In any case, far greater corruption was being practiced by many member states themselves. The Duelfer report showed that Russia, China and France were bending the rules as far as they possibly could in order to secure huge contracts for their companies. Kickbacks were flowing in every direction.

So why did Saddam Hussein's enemies, particularly senior American officials, not deal more robustly with the miasma that was developing?

Part of the reason was that Iraqi propaganda claiming that sanctions were killing millions of Iraqi children was extremely effective, and the Security Council members were therefore very anxious that the oil-for-food program continue. At the same time, of course, while everyone knew there was some corruption, no one knew the immense scale of it.

In the end, one must look at the entirety of Mr. Annan's record. The United States was correct in 1996 when it denied Mr. Boutros-Ghali a second term and helped elect Kofi Annan. Mr. Boutros-Ghali was a poor secretary general and was peevishly anti-American. Kofi Annan was a longtime admirer of the United States, and he quickly restored the United Nations' strained relations with Washington - even making peace with Senator Jesse Helms, the Republican most hostile to the organization.

Since then, he has done a great deal to restore morale within the organization and to raise its prestige; it was fitting that in 2001 he, and the United Nations, were awarded the Nobel Peace Prize.
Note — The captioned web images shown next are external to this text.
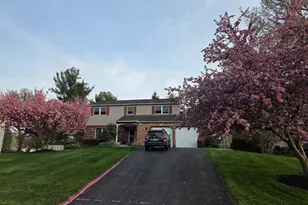1967 Lafayette Rd, Lansdale, PA 19446 - Photo 38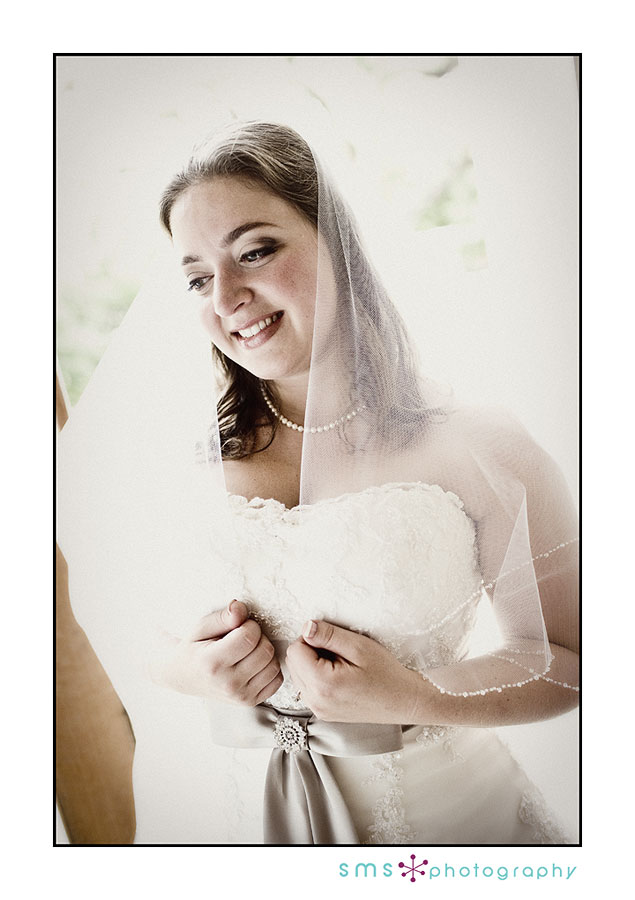 chapmanbridal197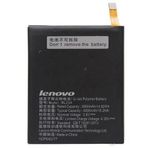 Lenovo A5000 BL234 Uyumlu Batarya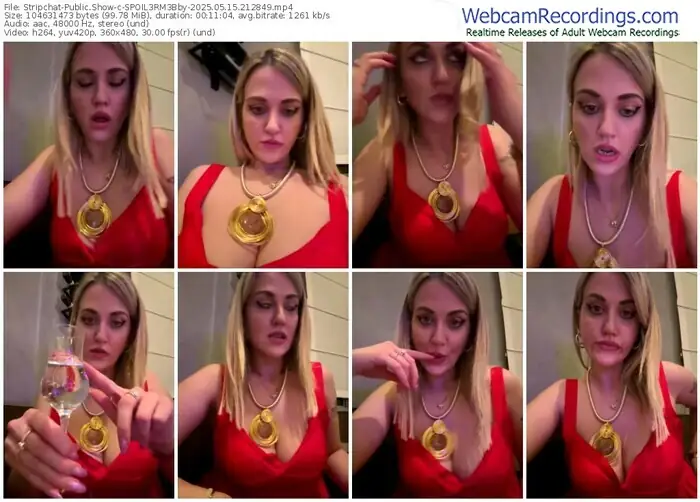 stripchat-spoil3rm3bby-05-15-2025-21-28-49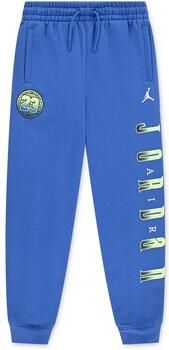 Nike Cargobroek Jdb Gametime Chenille Patch Pa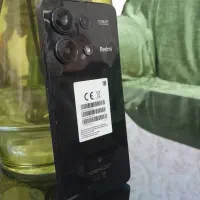 گوشی نوت ۱۳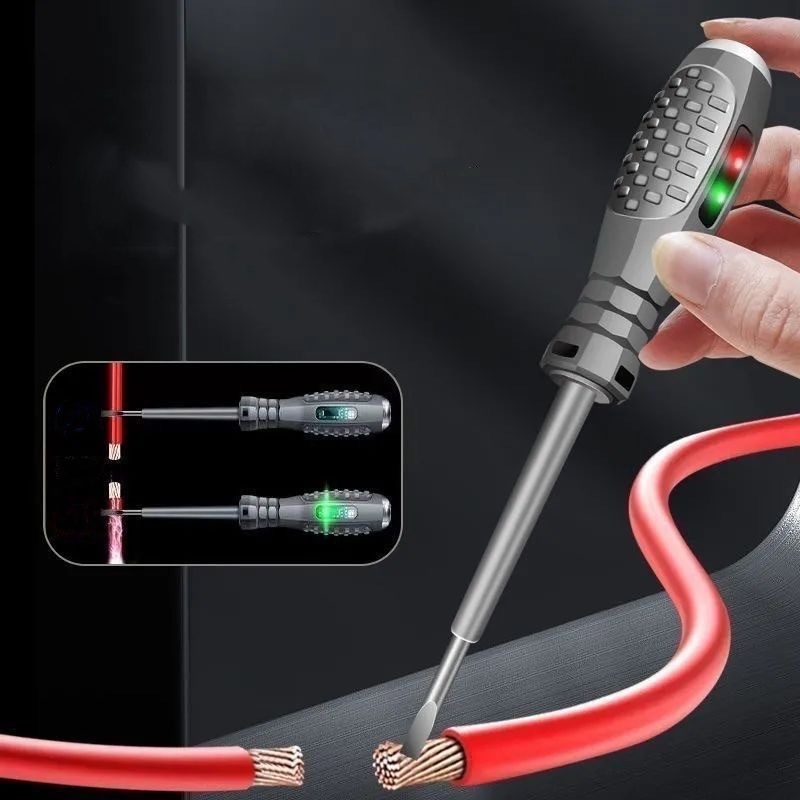 Word/cross Screwdrivers Neon B - огляд і ціна Power Tools Software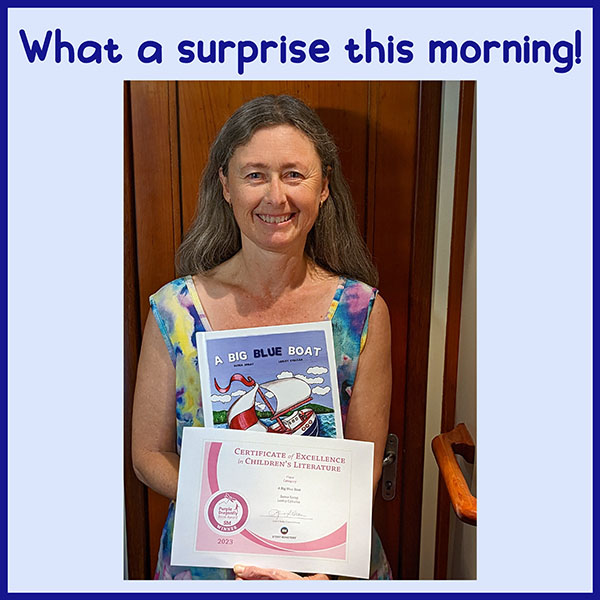 Susea Spray tweet media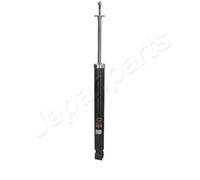 Amortiguador Eje trasero Espiga arriba MM-00103 JAPANPARTS para BMW X3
However, the war in Iraq, opposed by a majority of the Security Council, has put him in an impossible position. And many of his finest staff members were murdered by a suicide bomber in Iraq in the summer of 2003, and others have been reluctant to return.

Yes, he made a mistake recently by criticizing the American mission to clear Falluja of its terrorist nests. But at a time when the United Nations is trying to ease the American burden in Iraq, it would be unwise for Washington to have a falling-out with the organization. Further, Mr. Annan is about to start a serious effort at reforming the United Nations itself, along the lines of the report from an in-house panel released this week.

Iraq remains a deeply divisive issue. The Bush administration knows this, and should be doing everything to engage the world, not to diminish a man whom millions around the world see as their champion. If Kofi Annan is forced to leave by an American claque, the results will be catastrophic not just for the United Nations but also for Iraq - and the Bush administration's hopes of a successful foreign policy in its second term.